It was the insidious chloroform stealing her consciousness from her and deadening every nerve. She saw him take a tiny vial from his pocket, fit a perforated top upon it, and direct a spurt of deadly perfume, fine as a hair, into her face.

She tried to move, but could not. The breath was cut off from her nostrils by that fatal jet; she could only gaze with a sad, anguished look into those flaming eyes opposite her.

Something in the harrowing intensity of that silent look troubled the man.

He missed his aim, and the death-giving essence streamed harmlessly upon the bosom of her dress.
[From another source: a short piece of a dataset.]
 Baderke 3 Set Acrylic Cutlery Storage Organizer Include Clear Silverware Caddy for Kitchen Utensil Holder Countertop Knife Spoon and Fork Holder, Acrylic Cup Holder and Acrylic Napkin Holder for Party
Again and again he adjusted the cunning little tube so as to force her to breathe its fatal contents; but his hand trembled, his face waxed white—he quailed before the ghostly appeal of those fixed orbs.

Minutes passed. Why did not the man finish his victim.

Was ever yet a woman more completely in a murderer's power?

Her attendant drugged into a senseless clod beside her, her faculties all benumbed, no eye to watch the tragedy, no hand to seize the villain—why did he not act out his instructions?

She held him by that mesmeric gaze, where the soul stood plainly forth pleading for mercy. She was so young, so gentle, so sorrowful.

Oh! he cowered away from his fell purpose; he dallied with his chance, and that chance slipped by.